Age-induced alterations of granulopoiesis generate atypical neutrophils that aggravate stroke pathology.

Aging accounts for increased risk and dismal outcome of ischemic stroke. Here, we investigated the impact of age-related changes in the immune system on stroke. Upon experimental stroke, compared with young mice, aged mice had increased neutrophil clogging of the ischemic brain microcirculation, leading to worse no-reflow and outcomes. Aged mice showed an enhanced granulopoietic response to stroke that led to the accumulation of CD101 + CD62L lo mature and CD177 hi CD101 lo CD62L lo and CD177 lo CD101 lo CD62L hi immature atypical neutrophils in the blood, endowed with increased oxidative stress, phagocytosis and procoagulant features. Production of CXCL3 by CD62L lo neutrophils of the aged had a key role in the development and pathogenicity of aging-associated neutrophils.

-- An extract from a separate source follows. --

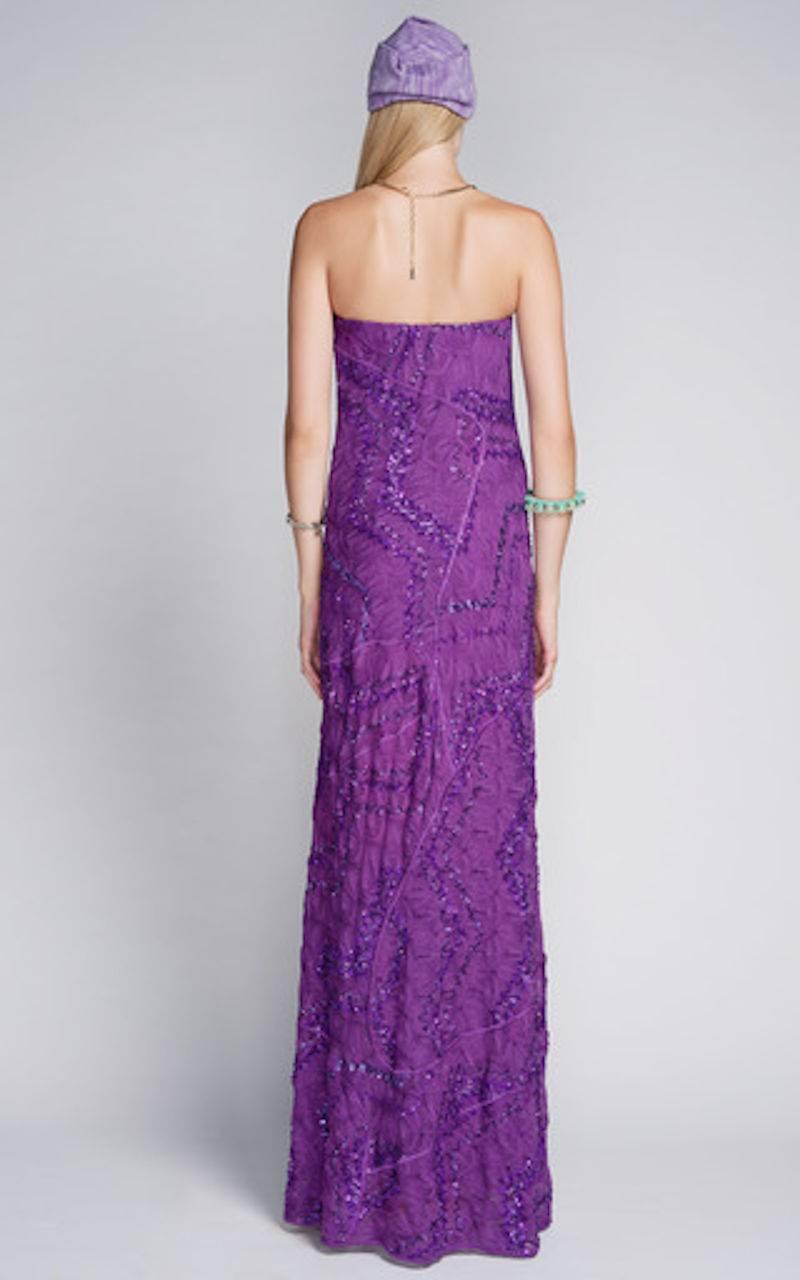 Women's NEW Missoni Purple Embroidered Crochet Knit Evening Gown Maxi Dress 42 For Sale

Hematopoietic stem cell rejuvenation reverted aging-associated neutropoiesis and improved stroke outcome. In elderly patients with ischemic stroke, single-cell proteome profile of blood leukocytes identified CD62L lo neutrophil subsets associated with worse reperfusion and outcome. Our results unveil how stroke in aging leads to a dysregulated emergency granulopoiesis impacting neurological outcome.